For the ultimate in Wine Country relaxation, book a treatment, such as the signature Cedar-Enzyme Bath, at Osmosis Day Spa Sanctuary in Freestone. Don’t forget to check out their award-winning Japanese gardens for some self-care and reflection.
During your stay, be sure to also visit Hand Goods in Occidental to browse through the handcrafted goods, artisan jewelry, and works produced by local artists and authors for a unique gift or memento from your trip.
No trip to Sonoma County would be complete without a little wine tasting, so make sure to leave some time for sipping. While the region is home to some of Northern California’s most celebrated vineyards, many of these are not open for tours and tastings. There is nevertheless a small handful of wineries open to the public.
Furthermore Wines, just north of Sebastopol, offers a selection of limited-release wines made primarily from pinot noir. Owners Bob Zeches and Chad Richard are deeply passionate about the exploration of how pinot noir expresses itself throughout the different macro- and microclimates of California, a love that shows in their lineup of wines — available for tasting daily.
Stop in to the tasting room at Bohème Wines in Occidental, named after the Bohemian Highway that winds through the Redwoods, vineyards, and farms of the Sonoma Coast.

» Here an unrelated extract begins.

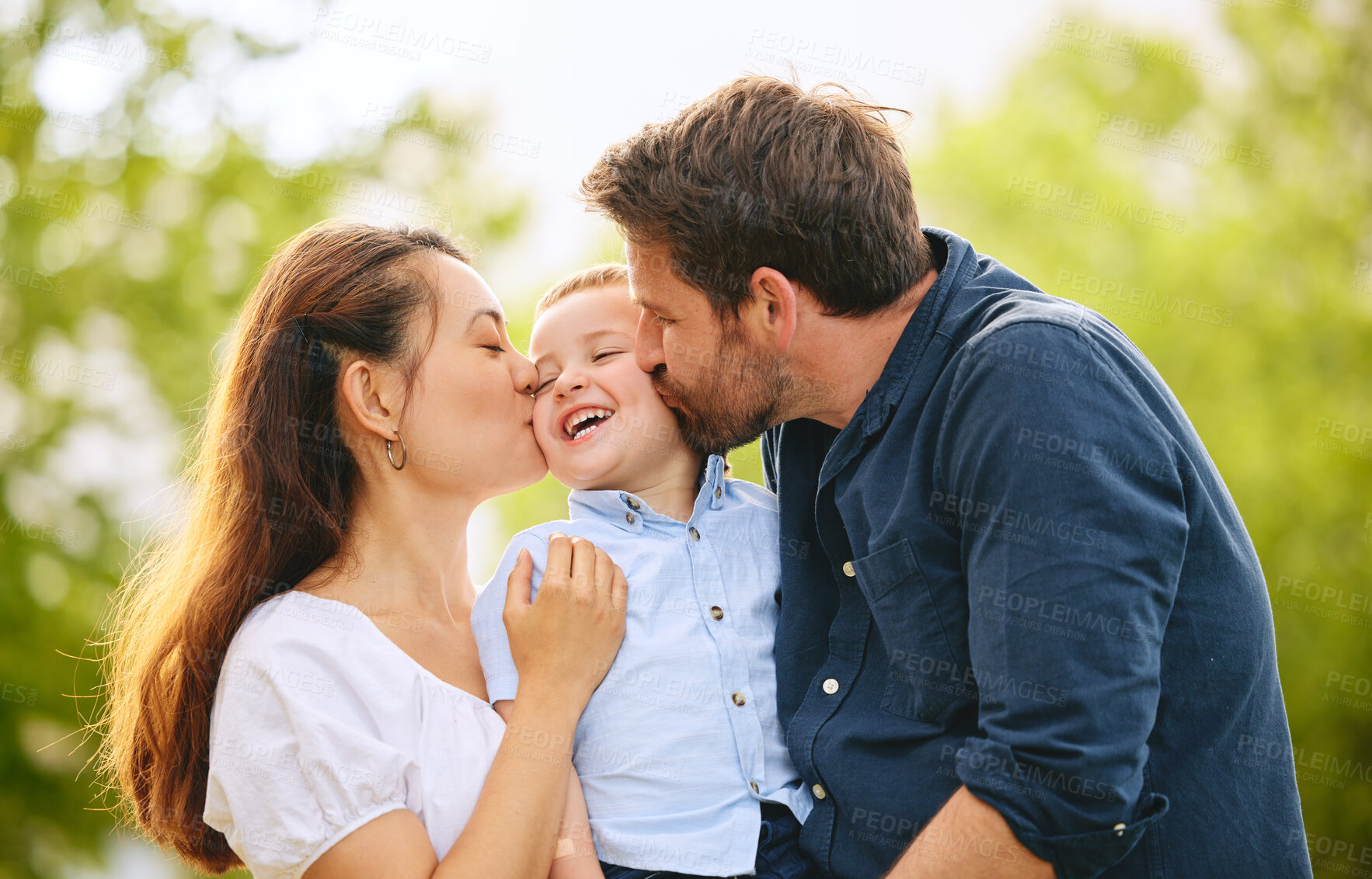 Buy stock photo Kiss, happy and family with child outdoor park together for bonding, love and support on summer vacation. Woman, man and kid smile with care, trust and respect for childhood memory on holiday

Here, you will sip estate-grown, small production wines made primarily from pinot noir, chardonnay, and zinfandel, crafted at the hands of owner/winemaker Kurt Beitler.
For a mere $5, you can belly up to the tasting bar at the family-owned and operated Occidental Road Cellars and sip chardonnay, pinot noir, zinfandel, and syrah grown from lands farmed by the family for four generations.
In Freestone, book an appointment at the small, family-owned Freeman Vineyard & Winery. Believing that California is as capable of producing wines as noteworthy as those from another of their favorite regions — Burgundy — owners Ken and Akiko Freeman set out to produce world-class, cool-climate pinot noir and chardonnay in Western Sonoma County. Tastings are $30 and limited to groups of six or less. They include a tour of the winery as well as the adjacent Gloria Vineyard, Freeman’s first estate vineyard property, and a tasting of small-lot chardonnay and pinot noir from the West Sonoma Coast and the Russian River Valley.